Nel fare rete si prende atto che, in questo periodo di crisi, è sempre più necessario avere questa capacità di mettersi con altri e condividere i bisogni che l’impresa porta avanti. L’elenco delle ragioni individuate nel rapporto corrisponde quindi alle problematiche che quasi tutte le imprese milanesi stanno vivendo in questo periodo con una forte angoscia. Cioè in primo luogo l’accesso al credito, e inoltre l’individuare con maggiore precisione come penetrare i mercati e creare un supporto per la commercializzazione dei prodotti. E’ quindi un’innovazione importante in quanto, di fronte alle problematiche nuove che il mercato pone alle imprese, queste ultime scelgono di mettersi insieme ad altre. In questo modo è possibile affrontare le problematiche nuove che il mercato ci mette di fronte con un taglio completamente diverso. A seconda dei settori, le imprese nel fare rete privilegiano l’aspetto finanziario, piuttosto che quello economico di mercato. Questo fatto però è veramente legato alle problematicità dei singoli mercati e delle esperienze che i diversi operatori portano avanti.
Fino a che punto l’“individualismo” degli imprenditori è realmente qualcosa che frena la nostra economia?
Si tratta in effetti di una delle caratteristiche, e non delle migliori, tipiche del sistema imprenditoriale italiano. Una certa solitudine dei nostri imprenditori è legata innanzitutto alle dimensioni delle aziende, che sono troppo piccole rispetto a quanto richiede la competizione internazionale. Questa situazione si trascina perché viene da una tradizione del nostro modo di fare impresa. Oggi questo non basta più, nessuno vuole perdere la sua autonomia di impresa, ma il sistema delle reti indica una forma nuova di rilancio delle piccole imprese e di capacità di condividere le capacità e le sfide che il mercato pone davanti.
La Camera di Commercio cita Hi-tech 2011, un esempio di rete nella produzione di metalli. Può rappresentare un modello per tutte le imprese milanesi?
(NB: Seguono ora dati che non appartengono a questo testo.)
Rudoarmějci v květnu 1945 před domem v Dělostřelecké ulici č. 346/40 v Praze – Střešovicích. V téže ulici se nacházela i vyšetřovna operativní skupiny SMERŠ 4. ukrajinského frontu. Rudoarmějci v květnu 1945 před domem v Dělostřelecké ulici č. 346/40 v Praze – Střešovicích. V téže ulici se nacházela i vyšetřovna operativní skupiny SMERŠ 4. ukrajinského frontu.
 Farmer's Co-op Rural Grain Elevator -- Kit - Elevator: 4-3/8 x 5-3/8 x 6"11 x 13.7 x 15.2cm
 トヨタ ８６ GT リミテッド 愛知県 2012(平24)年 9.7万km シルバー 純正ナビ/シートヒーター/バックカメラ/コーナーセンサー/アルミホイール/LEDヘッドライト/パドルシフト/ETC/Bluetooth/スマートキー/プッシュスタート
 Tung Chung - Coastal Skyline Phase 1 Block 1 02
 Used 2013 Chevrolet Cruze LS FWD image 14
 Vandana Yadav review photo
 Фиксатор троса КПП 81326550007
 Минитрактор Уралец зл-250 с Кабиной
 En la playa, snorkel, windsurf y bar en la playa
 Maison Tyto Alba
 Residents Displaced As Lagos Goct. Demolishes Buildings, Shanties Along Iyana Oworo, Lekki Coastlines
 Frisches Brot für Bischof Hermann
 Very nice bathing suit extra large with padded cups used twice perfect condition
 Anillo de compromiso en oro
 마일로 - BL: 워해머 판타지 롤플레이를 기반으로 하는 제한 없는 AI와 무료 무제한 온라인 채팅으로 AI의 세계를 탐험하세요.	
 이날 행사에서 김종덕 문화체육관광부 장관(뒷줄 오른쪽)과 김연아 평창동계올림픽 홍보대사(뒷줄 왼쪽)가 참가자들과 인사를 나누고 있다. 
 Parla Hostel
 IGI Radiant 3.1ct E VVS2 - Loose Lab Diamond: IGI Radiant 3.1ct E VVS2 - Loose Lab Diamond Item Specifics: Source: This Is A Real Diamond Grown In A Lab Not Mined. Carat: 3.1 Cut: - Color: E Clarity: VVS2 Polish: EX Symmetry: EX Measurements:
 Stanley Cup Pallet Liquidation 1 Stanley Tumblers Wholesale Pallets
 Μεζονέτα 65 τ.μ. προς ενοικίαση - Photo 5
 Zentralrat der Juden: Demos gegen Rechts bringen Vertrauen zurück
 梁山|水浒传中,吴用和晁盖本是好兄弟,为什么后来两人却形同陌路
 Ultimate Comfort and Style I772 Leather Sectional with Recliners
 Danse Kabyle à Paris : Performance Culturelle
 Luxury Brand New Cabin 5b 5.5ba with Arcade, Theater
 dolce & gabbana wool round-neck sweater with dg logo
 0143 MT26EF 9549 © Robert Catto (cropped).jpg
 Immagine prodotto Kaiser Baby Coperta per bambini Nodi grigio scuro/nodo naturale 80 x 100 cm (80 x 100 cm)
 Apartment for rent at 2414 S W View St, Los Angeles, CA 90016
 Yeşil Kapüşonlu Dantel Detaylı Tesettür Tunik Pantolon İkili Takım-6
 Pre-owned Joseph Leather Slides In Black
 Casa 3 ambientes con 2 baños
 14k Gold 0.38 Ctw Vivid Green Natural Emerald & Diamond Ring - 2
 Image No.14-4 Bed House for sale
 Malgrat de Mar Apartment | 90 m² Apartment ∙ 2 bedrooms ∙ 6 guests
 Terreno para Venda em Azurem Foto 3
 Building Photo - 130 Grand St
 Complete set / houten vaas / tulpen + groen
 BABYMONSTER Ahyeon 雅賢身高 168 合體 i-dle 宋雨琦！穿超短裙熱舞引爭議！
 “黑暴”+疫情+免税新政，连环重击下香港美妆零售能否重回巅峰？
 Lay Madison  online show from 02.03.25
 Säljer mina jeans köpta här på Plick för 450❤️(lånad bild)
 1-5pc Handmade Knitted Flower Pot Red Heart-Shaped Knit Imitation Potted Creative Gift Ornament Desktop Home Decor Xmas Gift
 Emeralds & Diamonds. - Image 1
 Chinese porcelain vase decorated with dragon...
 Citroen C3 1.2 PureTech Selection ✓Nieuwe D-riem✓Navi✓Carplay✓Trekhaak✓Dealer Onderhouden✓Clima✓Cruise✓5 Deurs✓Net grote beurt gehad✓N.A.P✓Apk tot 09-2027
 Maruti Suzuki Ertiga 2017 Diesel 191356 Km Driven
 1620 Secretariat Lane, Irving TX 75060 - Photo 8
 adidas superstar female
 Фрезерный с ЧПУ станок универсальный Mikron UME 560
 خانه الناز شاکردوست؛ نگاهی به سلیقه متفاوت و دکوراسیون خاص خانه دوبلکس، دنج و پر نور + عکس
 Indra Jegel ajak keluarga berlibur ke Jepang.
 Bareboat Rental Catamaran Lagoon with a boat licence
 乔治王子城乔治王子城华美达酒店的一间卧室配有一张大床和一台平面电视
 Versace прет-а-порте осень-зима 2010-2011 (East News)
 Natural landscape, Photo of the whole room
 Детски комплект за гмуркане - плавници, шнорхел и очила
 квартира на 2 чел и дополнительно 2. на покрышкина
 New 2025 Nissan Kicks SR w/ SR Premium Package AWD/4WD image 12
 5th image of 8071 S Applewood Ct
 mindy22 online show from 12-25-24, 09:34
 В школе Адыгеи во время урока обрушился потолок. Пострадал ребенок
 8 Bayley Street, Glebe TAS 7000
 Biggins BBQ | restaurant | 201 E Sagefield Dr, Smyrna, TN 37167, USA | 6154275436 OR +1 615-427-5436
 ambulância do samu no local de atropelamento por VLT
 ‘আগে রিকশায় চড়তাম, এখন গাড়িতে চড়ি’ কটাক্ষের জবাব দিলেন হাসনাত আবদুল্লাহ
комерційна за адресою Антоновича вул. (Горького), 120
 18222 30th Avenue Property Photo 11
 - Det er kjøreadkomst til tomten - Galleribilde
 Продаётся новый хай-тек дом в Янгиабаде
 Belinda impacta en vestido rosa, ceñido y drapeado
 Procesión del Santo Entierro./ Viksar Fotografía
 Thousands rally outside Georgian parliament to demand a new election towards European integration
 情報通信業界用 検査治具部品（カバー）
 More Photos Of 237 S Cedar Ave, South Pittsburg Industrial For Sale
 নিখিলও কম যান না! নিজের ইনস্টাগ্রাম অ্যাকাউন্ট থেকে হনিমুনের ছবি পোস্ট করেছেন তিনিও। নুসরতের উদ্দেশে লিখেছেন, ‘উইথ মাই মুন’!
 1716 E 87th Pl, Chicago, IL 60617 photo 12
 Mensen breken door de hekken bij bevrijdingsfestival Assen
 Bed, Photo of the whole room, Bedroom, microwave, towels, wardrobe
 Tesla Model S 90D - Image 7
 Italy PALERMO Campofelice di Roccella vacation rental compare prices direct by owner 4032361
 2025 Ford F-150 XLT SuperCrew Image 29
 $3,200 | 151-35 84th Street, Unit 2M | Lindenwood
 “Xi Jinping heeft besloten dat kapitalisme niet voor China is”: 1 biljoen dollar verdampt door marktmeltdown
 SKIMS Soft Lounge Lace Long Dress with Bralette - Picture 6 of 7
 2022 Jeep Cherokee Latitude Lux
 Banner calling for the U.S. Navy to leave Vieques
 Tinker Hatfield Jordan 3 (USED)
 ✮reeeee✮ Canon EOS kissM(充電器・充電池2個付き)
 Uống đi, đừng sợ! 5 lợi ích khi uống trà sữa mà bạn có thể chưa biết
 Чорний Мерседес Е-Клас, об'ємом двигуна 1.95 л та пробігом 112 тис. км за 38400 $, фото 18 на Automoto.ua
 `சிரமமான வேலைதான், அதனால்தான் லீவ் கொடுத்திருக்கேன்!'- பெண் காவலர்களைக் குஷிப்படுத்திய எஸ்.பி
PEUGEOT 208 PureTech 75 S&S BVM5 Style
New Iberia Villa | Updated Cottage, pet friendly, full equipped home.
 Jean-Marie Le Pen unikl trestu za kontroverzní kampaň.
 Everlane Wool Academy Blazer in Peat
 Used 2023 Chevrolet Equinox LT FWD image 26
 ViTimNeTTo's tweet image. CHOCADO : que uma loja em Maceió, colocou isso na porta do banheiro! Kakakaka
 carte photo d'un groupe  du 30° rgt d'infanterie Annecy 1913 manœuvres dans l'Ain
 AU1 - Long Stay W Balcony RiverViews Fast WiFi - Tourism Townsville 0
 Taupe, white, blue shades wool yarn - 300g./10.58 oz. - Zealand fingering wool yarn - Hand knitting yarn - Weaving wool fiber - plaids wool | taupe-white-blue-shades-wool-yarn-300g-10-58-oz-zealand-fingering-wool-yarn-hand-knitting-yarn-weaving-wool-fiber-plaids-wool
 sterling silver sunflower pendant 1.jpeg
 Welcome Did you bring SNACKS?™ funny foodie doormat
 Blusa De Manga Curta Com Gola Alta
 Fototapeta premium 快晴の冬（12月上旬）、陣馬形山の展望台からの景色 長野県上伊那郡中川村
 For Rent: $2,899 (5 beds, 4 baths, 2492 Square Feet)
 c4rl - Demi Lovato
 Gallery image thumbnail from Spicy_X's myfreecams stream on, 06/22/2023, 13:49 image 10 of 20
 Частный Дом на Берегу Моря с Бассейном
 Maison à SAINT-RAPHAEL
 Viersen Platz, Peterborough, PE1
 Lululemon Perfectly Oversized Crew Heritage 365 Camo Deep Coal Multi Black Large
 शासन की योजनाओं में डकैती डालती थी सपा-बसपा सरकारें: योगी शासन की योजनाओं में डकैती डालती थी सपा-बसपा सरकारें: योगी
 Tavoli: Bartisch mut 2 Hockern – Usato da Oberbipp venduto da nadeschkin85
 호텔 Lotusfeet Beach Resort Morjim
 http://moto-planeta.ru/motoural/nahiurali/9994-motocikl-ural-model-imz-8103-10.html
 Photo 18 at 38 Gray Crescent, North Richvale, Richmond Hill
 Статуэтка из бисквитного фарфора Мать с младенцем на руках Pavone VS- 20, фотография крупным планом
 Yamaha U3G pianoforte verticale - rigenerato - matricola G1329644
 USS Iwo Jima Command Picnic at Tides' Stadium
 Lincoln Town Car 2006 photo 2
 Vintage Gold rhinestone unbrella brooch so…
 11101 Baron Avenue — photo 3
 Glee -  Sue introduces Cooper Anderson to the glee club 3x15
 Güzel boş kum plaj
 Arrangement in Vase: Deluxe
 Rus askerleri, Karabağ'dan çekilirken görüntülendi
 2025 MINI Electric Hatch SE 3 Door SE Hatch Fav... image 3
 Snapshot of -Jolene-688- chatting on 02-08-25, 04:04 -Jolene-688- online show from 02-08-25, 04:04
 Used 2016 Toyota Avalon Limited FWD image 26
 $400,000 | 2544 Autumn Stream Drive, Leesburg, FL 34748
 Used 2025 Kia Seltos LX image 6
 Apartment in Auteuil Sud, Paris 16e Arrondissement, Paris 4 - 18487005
Questa è una delle cose più chiare che è emersa dalla ricerca. E’ infatti l’esempio evidente di come quei risultati, non possano essere perseguiti indipendentemente dall’accesso al credito, dalla disponibilità di risorse che singolarmente possono avere, ma è possibile solo se ci si mette assieme e si condividono degli obiettivi. Uno degli aspetti migliori della ricerca è il fatto di indicare le possibilità concrete che hanno le imprese. Il fatto di fare rete, con molta semplicità, si pone l’obiettivo di condividere un progetto, di mettere insieme le forze, le iniziative e le capacità che le imprese hanno ciascuna al suo interno, svilupparne le specializzazioni e riuscire a produrre e a realizzare cose che da sola la piccola impresa non riuscirebbero a perseguire. L’esempio portato da imprese specializzate in diversi settori e capacità produttive è che invece assieme possono porsi il problema di dire “apriamo alla ricerca e sviluppo”. Nessuna di loro da sola poteva porsi un obiettivo di questo tipo.
Qual è il cambiamento culturale richiesto agli imprenditori dall’attuale fase dell’economia?
Come sostiene da tempo la Compagnia delle Opere, concorrere è sia il farsi concorrenza, nell’accezione più sana propria del mercato, sia la possibilità di correre assieme. La radice del termine è questa, e quando lo abbiamo proposto siamo riusciti a darne prova in diversi modi. Durante l’anno per esempio, realizzando il matching con oltre 2mila piccole imprese che dialogano tra di loro. Quella che emerge quindi è una potenzialità enorme, che il sistema imprenditoriale italiano ha di concorrere, cioè di mettersi assieme all’interno dei mercati sviluppando iniziative nuove. La lezione più importante che viene dal sistema rete riguarda quindi il modo in cui oggi è possibile alzare la testa, guardare la crisi e affrontarla in modo diverso.
Lo svilupparsi di rete di imprese è stato favorito dalla Regione Lombardia?
Sia gli interventi della Regione Lombardia, sia le possibilità di finanziamento nazionale sono andate in questa direzione. Il modo positivo in cui è stata colta dagli attori economici la legislazione sulle reti di imprese hanno indicato con i risultati il fatto che c’era un’aspettativa crescente del mondo delle imprese per quanto riguarda la possibilità di sviluppare nuovi modi di collaborazione tra imprese, in modo tale da potere condividere risultati che altrimenti non avrebbero potuto essere perseguiti.